FAIRBANKS — The Cold Climate Housing Research Center is hoping an unprecedented combination of sun and water will provide the warmth for its new 7,000-square-foot addition.

CCHRC, which tests cold-weather building techniques from its location below the University of Alaska Fairbanks, is launching an ambitious project to tap a massive water tank for its heating needs. A school-bus-sized tank was insulated with a thick layer of spray foam on Wednesday and lowered into a deep trench by a crane. The 25,000-gallon drum will be filled with water in the weeks ahead, which will be gradually heated by an array of south-facing solar panels.

The project is being funded by a $70,000 grant from BP, along with a donated tank from K&K Recycling, said CCHRC communications coordinator Molly Rettig.

“The idea is when the sun’s not available in December, January, February, we’ll be able to sip fuel from that tank,” said CCHRC research engineer Bruno Grunau.

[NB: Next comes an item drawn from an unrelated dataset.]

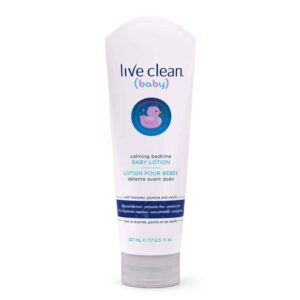 Live Clean Baby Lotion, Calming Bedtime, 7.7 Oz - Image 1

That’s the goal. But Grunau, while stopping short of calling the project experimental, said it definitely ventures into new territory for builders in the far north.

The water will be heated by 16 2-by-6-foot thermal solar panels, bringing the temperature as high as 180 degrees during its summer peak. Glycol-filled tubes will transfer that heat into the building throughout the year, providing a stable source for its radiant floor heating system.

CCHRC has collected electricity from a 10-unit array of solar panels since 2008, and Grunau said the Fairbanks area is a productive spot for sunlight.

“The solar resource is great,” he said. “The Interior is the best in Alaska.”

The heating ability of the system probably will be minimal this winter, since the waning sunlight won’t provide much opportunity to warm the water inside the buried tank. But with the system in place for the entire summer in 2014, it should provide a good benchmark next winter for its performance.

Thermal storage systems have been used successfully in the Interior, but they typically heat homes by tapping water tanks of 5,000 gallons or less. Using a tank five times that size will test its limits, Grunau said. Even if the system doesn’t work as expected, he said, it will still provide valuable information about the performance of thermal storage tanks in Alaska.

Like all CCHRC projects, the data collected from the project will help determine whether the technology is viable on a larger scale in the Interior. The system could be functional by Christmas, and the research center plans to launch a website soon afterward so the public can see how much energy the project is producing.

“It’s pretty incredible,” Rettig said of the system. “I guess we’re thinking of this as a demonstration to see how much it can do.”